▸ **Your assignment**
Lines that contain the string "Pink" are the ones to list; copy all of them from the records.

--- START ---

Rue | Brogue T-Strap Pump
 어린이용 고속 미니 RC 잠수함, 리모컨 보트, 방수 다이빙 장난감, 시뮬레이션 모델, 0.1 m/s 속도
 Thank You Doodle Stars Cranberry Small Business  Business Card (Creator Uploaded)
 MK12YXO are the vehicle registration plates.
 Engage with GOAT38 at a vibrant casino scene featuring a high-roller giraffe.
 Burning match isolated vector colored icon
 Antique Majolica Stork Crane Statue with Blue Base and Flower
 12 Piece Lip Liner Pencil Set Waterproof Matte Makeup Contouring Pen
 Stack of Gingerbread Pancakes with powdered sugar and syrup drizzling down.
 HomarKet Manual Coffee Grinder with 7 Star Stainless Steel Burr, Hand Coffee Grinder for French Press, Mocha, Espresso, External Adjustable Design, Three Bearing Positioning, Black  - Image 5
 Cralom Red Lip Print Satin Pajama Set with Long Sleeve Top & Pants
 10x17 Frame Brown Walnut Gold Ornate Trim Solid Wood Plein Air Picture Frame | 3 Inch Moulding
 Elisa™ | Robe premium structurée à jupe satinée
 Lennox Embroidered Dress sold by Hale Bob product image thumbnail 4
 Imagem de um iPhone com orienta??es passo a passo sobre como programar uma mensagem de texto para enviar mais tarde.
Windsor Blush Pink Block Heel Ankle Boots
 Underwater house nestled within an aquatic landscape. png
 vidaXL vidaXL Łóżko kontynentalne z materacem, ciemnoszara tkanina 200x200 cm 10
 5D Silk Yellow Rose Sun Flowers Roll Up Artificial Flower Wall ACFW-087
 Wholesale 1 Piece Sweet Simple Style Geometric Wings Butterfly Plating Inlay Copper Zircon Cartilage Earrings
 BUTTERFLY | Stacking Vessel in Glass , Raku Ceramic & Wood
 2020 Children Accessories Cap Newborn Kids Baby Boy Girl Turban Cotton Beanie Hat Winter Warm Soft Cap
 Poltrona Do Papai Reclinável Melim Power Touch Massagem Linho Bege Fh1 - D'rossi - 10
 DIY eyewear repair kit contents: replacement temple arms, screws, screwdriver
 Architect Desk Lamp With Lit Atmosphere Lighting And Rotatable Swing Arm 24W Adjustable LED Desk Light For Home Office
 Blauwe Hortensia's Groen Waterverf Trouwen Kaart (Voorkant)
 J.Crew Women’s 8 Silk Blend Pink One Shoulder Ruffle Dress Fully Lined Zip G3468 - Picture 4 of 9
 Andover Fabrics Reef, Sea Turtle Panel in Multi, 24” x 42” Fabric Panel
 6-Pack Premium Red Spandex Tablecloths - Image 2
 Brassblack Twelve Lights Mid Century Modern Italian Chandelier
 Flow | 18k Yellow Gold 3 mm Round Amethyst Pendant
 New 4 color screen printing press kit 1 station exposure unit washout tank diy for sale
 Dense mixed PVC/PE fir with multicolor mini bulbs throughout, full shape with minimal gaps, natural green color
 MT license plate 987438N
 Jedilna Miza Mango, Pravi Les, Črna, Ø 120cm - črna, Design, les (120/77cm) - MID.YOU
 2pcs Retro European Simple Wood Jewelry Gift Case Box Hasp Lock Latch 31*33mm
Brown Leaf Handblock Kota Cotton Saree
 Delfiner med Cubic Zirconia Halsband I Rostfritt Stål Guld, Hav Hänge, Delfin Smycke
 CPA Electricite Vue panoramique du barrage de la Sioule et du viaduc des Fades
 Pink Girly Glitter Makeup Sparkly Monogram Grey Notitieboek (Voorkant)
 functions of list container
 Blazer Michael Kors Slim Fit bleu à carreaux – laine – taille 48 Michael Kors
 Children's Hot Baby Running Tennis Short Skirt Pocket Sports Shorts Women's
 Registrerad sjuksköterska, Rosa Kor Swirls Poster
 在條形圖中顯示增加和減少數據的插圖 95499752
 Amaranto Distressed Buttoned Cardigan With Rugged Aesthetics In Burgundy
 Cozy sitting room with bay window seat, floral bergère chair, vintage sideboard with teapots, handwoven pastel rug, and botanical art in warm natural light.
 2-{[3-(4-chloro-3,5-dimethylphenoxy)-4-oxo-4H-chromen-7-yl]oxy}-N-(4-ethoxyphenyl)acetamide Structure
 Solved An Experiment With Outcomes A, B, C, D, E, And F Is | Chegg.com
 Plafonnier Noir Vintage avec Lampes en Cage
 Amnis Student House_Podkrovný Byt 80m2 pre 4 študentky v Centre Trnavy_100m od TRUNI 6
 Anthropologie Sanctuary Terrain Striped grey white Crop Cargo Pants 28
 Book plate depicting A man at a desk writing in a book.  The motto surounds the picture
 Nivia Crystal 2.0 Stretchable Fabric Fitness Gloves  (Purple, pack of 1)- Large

--- END ---

▸ **Answer space**
Windsor Blush Pink Block Heel Ankle Boots
 J.Crew Women’s 8 Silk Blend Pink One Shoulder Ruffle Dress Fully Lined Zip G3468 - Picture 4 of 9
 Pink Girly Glitter Makeup Sparkly Monogram Grey Notitieboek (Voorkant)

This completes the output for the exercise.